Repeated cross-sectional data weighting

Added by Fran Reah 25 days ago. Updated 13 days ago.

Status:
Feedback
Priority:
High
Assignee:
-
Category:
Weights
Start date:
04/02/2024
% Done:

90%


Description

Hi!

I am a third year student writing my dissertation and I was hoping for some guidance on weighting. I am using waves 6-11 of the Understanding Society dataset as cross-sectional such that I am able to look at quarterly mental health data. If it is possible I would like some guidance on how to weight the data in the scenario.

To my knowledge the weights to use are f_indscui_xw, g_indscui_xw, h_indscui_xw, i_indscui_xw, j_indscui_xw and k_indscui_xw.

How can I weight these appropriately in stata? For the svyset command, what would be the psu value and strata value in this case?
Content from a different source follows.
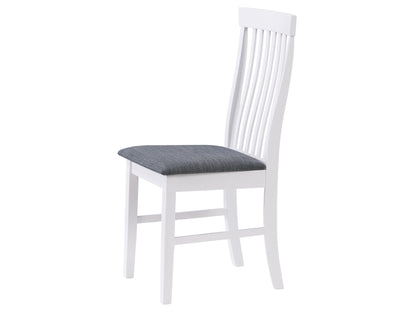 White wooden dining chairs, set of 2, with slatted backrests and cushioned seats, featuring a classic design perfect for modern and traditional dining rooms. Durable wood construction and comfortable seating.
Any guidance would be really appreciated!

Thank you,
Fran Reah.

#1

Updated by Understanding Society User Support Team 20 days ago

  • Status changed from New to Feedback
  • Assignee deleted (Olena Kaminska)
  • % Done changed from 0 to 90
  • Private changed from Yes to No

Hello,

If you are using at least one self-completion variable in your analysis model then the correct weights are the self-completion weights, so w_indscui_xw you mentioned. For practical advice on weighting in Stata I would recommend to check example 6 in our online Introduction to Understanding Society course available here: https://open.essex.ac.uk/course/view.php?id=76 (you need to register first), check topic 9 "Working with data collected from surveys with complex survey designs": worksheet and do file for example 6.

Best wishes,
Piotr Marzec,
UKHLS User Support

#2

Updated by Olena Kaminska 13 days ago

Fran Reah,

Thank you for your question. Question 13 here: https://www.understandingsociety.ac.uk/wp-content/uploads/working-papers/2024-01.pdf , may help you to analyse our data on quarterly basis. Psu and strata variables don't change over time, so take them from any wave. They have to be complete though (no missingness).